Let $\mathcal{C}$ be a pointed, salient cone in $\mathbb{R}^d$. We may also assume that $\mathcal{C}$ is full-dimensional. Consider the set of binary classifiers $$\mathcal{H} = \{\boldsymbol{x}\mapsto\boldsymbol{1}\hspace{-0.9ex}\mathrm{1}(\boldsymbol{h}^\mathsf{T}\boldsymbol{x}\ge 0)\mid \boldsymbol{h} \in \mathcal{C} \}.$$ Is there any bound known for the VC-dimension of $\mathcal{H}$ that depends on $\mathcal{C}$ and can be significantly better than the VC-dimension of the set of all (linear) classifiers in $\mathbb{R}^d$ (i.e., $d$)?

Edit: Above, $\boldsymbol{1}\hspace{-0.9ex}\mathrm{1}(\cdot)$ denotes the binary indicator function.

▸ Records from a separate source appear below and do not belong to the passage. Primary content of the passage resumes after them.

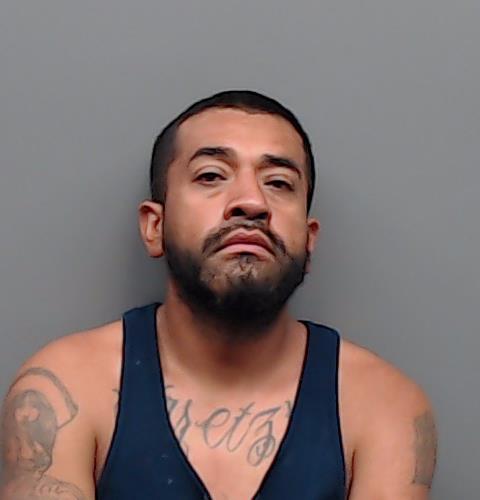 PULIDO, CESAR URIEL booking photo
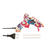 Glorex Mini 20 W Hei�klebepistole, farbig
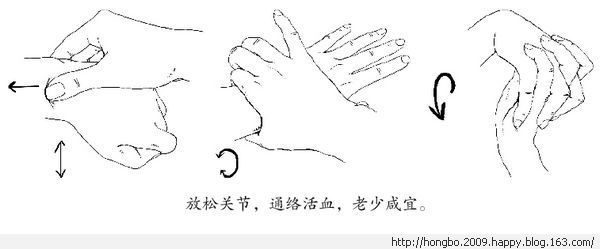 按摩图 - 小平 - 快乐无处不在，写日志是我最快乐之事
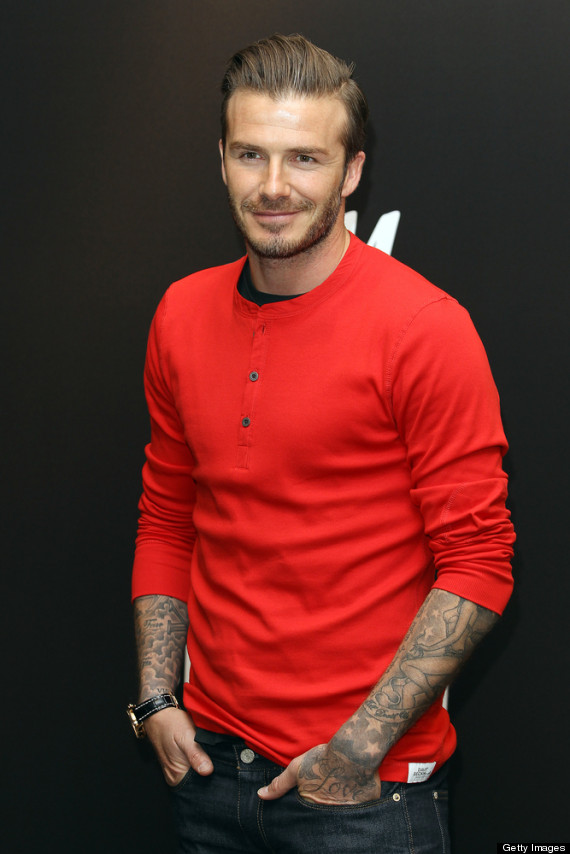 o DAVID BECKHAM 570 1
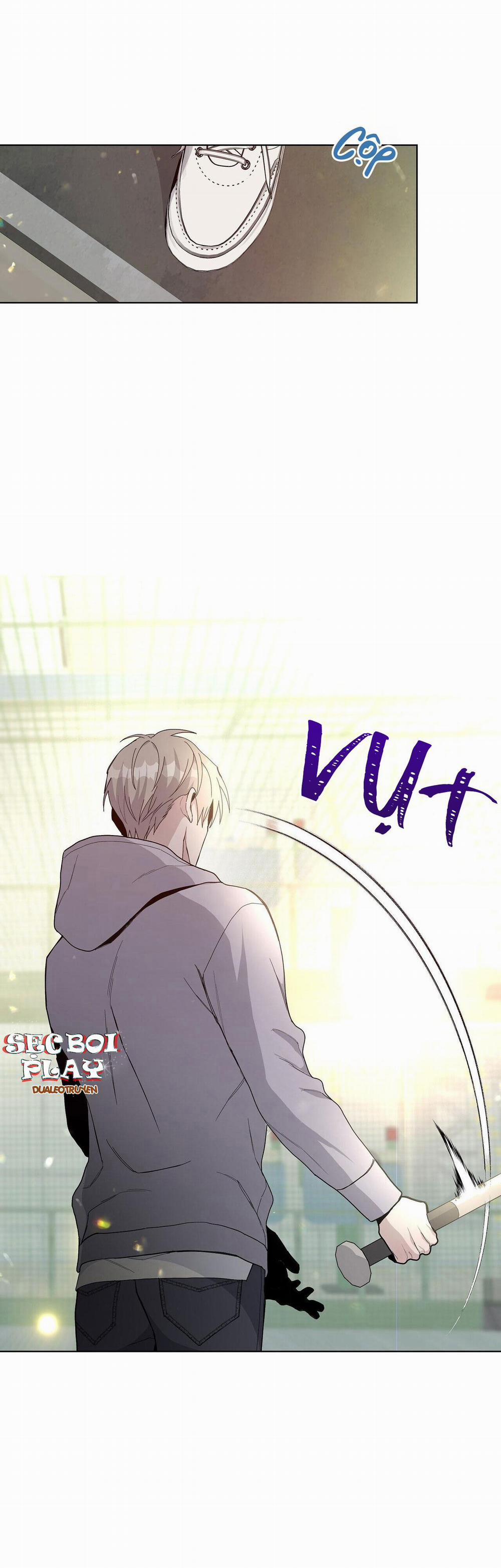 BLAZE OUT 3 trang 24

So a more explicit definition of $\mathcal{H}$ is the set of functions $$f_\boldsymbol{h}(\boldsymbol{x})=\begin{cases} 0 & \text{if }\boldsymbol{h}^\mathsf{T}\boldsymbol{x}<0 \\ 1 & \text{if }\boldsymbol{h}^\mathsf{T}\boldsymbol{x}\ge0\end{cases},$$ parametrized by $\boldsymbol{h}\in \mathcal{C}$.

Answer 1

No, I claim that the set of $d$ unit vectors, $e_1=(1,0,\ldots,0)$, $e_2=(0,1,0,\ldots,0)$, $\ldots,$ $e_d=(0,\ldots,0,1)$, along the axes can be shattered, except that for every $\mathcal H$ either the empty set, or all $d$ of the won't be in any $h\in \mathcal H$, so the VC-dimension is $d-1$. (For similar reasons, it cannot be $d$ for any point set.)

Indeed, if $\mathcal H$ is the opposite of the cone spanned by the above $d$ vectors, i.e., the all-negative hyperoctant, and $h_I=-\sum_{i\in I} e_i$, then $f_h(e_i)=0$ if and only if $i\in I$.